THE FUSION OF THE EPIC AND DRAMATIC: HEMINGWAY, STRINDBERG AND O'NEILL

In The Historical Novel George Lukács expresses his agreement with a statement in which Goethe points out the difference between epic and dramatic motivations for literary action:

Goethe ... analyses the different motifs governing action, finding some that are common to both epic and drama and others that form particular characteristics of either of the two genres. These motifs are, according to Goethe: "1. Progressive ones, which further the action; such are used primarily by drama. 2. Retrogressive ones, which distance the action from its goal; such are used almost exclusively by the epic poem" (Lukács I 145).

Lukács also shares Goethe's view that retrogressive motifs should be distinguished from retarding ones; rather than diverting the action from its goal, retarding factors "hold up the pace or increase the distance,; such are used by both kinds of literature to the greatest advantage" (Lukács I 145).

Thus retarding motifs can be both dramatic and epic. In the works of Ibsen, Hauptmann, Strindberg, Chekhov and O'Neill, however, their role is rather pronounced in making the drama episodic, and in not only holding back but also considerably broadening the progress of the action, whose stages are often meticulously portrayed. This brings a strong epic tendency with it.

For the operation of the retrogressive motif in novels, Hemingway's A Farewell to Arms and For Whom the Bell Tolls provide clear examples. At the beginning of the former. set during World War I, Lieutenant Frederic Henry is a volunteer American ambulance corps officer serving in the Italian army. Even when he is seriously wounded and recovers from his injury, he is ready to make the greatest sacrifice he can, and bidding farewell to his love, Catherine Barkley, he returns to the front. However, a series of painful experiences--the military debacle at Caporetto in the autumn of 1917, and the chaotic disintegration and senseless disaster of the Caporetto stampede--make him change his mind. When he sees an old lieutenant-colonel walking in the rain with his hat off between two carabinieri of a firing squad, the painfully sharp image prefigures and indicates Henry's decision to conclude a separate peace and to bid farewell to arms.

Chapters IV and XVI-XVII of For Whom the Bell Tolls also provide a model example. The chief action of this Spanish Civil War novel moves towards its antifascist aim, the blowing up of a bridge in fascist hands. This aim is endangered by a growing tension between Robert Jordan, who wishes to carry out the action, and Pablo, the head of the Spanish partisan group, who opposes it. The opposition is so powerful that a separate, short story-like episode crystallizes around it, and Jordan is about to shoot Pablo. But finally the clash between Jordan and the group does not take place; Pablo's wife, Pilar, supports Jordan and so does the whole group. This means that we have a case of double diversion. The action of the short story-like episode can only progress by diverting the main action of the novel, which in turn can only advance by diverting the by-action of the episode. This latter diversion has a cathartic effect, indicating the formation of unity among the antifascist forces. At this point it should be noted that in the opinion of G. Lukács (Lukács II 802-835), catharsis characterizes not only tragedy or drama but all art as well. Tragedy does not create but only concentrates catharsis. Composing his novels in the pattern of opposition, contrast and conflict, Hemingway also injects a tense dramatic quality into his epic scenes.
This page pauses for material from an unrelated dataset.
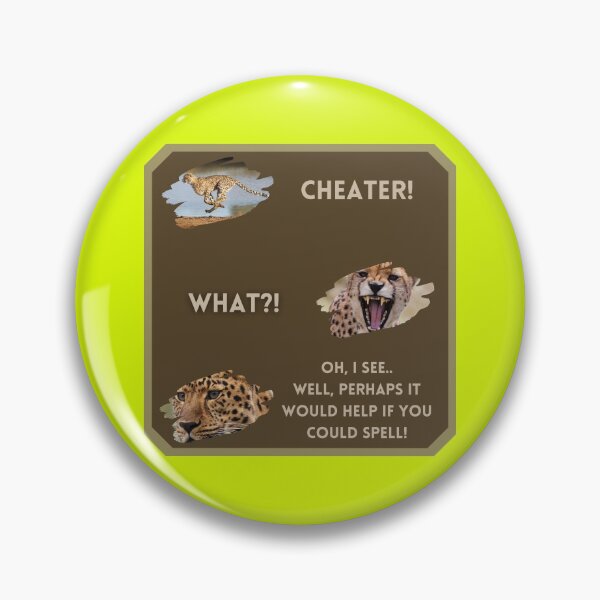 Item preview, Cheetah designed and sold by CoyoteGifts.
The cathartic quality of epic retardation and diversion is also very apparent in Alan Sillitoe's long short story, The Loneliness of the Long Distance Runner, where the protagonist, Smith, is on the verge of winning the race but in the last minute slows his pace and deliberately loses rather than win for them," i.e. for "the Establishment."

The crucial question for drama is this: what happens to dramatic dynamism when the retrogressive motif, narrative retardation and epic diversion attain significance in its action? The answer will vary from play to play, but there are fundamentally two polar possibilities.

One of them is the decreasing of aim-propelled dramatic dynamism. There are hints of such a development in naturalistic drama, which has the general tendency of elaborating dramatic scenes in epic detail (Hauptmann, The Rats).

Strindberg's The Dance of Death, in spite of its hysterical and monomaniacal drive, elaborates on the tendency by building up over and over again the impression of a fatal heart attack threatening the Captain, who, however, keeps surviving, only to be killed at the end of the second part of the huge play by a stroke. This results in a mechanical cyclic pattern and a grotesquely grim effect with an involuntary comic component that was only resolved in Durrenmatt's ingenious Play Strlndberg by making this component explicit.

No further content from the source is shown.